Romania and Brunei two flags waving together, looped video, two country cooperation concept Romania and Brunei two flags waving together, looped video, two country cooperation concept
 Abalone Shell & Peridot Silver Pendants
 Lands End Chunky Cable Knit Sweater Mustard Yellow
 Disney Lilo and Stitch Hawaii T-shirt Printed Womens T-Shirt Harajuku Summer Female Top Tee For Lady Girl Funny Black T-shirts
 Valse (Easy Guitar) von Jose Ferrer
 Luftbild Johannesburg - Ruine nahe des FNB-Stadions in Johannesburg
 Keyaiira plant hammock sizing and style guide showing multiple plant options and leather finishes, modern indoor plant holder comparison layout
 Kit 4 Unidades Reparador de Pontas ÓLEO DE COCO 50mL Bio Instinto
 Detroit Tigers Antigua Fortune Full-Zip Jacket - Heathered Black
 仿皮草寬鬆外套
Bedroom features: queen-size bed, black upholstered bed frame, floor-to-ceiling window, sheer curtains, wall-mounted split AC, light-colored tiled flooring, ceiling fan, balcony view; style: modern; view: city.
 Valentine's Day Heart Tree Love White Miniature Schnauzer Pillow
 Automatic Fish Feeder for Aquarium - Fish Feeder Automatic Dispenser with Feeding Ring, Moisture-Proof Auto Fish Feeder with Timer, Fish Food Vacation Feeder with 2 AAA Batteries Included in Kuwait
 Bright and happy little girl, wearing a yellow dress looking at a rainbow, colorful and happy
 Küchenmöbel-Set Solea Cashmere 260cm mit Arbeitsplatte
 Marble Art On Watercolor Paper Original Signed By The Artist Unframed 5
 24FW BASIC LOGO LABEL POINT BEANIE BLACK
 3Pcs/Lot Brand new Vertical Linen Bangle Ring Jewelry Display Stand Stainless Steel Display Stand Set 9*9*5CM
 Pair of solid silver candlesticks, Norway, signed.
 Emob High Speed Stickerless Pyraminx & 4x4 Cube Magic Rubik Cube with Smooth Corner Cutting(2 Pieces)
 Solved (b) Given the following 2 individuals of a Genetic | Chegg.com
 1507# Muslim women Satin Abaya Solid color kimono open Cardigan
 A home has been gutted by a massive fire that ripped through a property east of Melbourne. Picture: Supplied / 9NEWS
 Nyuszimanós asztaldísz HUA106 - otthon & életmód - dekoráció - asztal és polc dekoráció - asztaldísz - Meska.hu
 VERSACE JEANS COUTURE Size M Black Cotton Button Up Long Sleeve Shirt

What you have to do: One line above contains "Marble Art On". Output that line and each one after it, word for word, and nothing else.

Exercise output:
 Marble Art On Watercolor Paper Original Signed By The Artist Unframed 5
 24FW BASIC LOGO LABEL POINT BEANIE BLACK
 3Pcs/Lot Brand new Vertical Linen Bangle Ring Jewelry Display Stand Stainless Steel Display Stand Set 9*9*5CM
 Pair of solid silver candlesticks, Norway, signed.
 Emob High Speed Stickerless Pyraminx & 4x4 Cube Magic Rubik Cube with Smooth Corner Cutting(2 Pieces)
 Solved (b) Given the following 2 individuals of a Genetic | Chegg.com
 1507# Muslim women Satin Abaya Solid color kimono open Cardigan
 A home has been gutted by a massive fire that ripped through a property east of Melbourne. Picture: Supplied / 9NEWS
 Nyuszimanós asztaldísz HUA106 - otthon & életmód - dekoráció - asztal és polc dekoráció - asztaldísz - Meska.hu
 VERSACE JEANS COUTURE Size M Black Cotton Button Up Long Sleeve Shirt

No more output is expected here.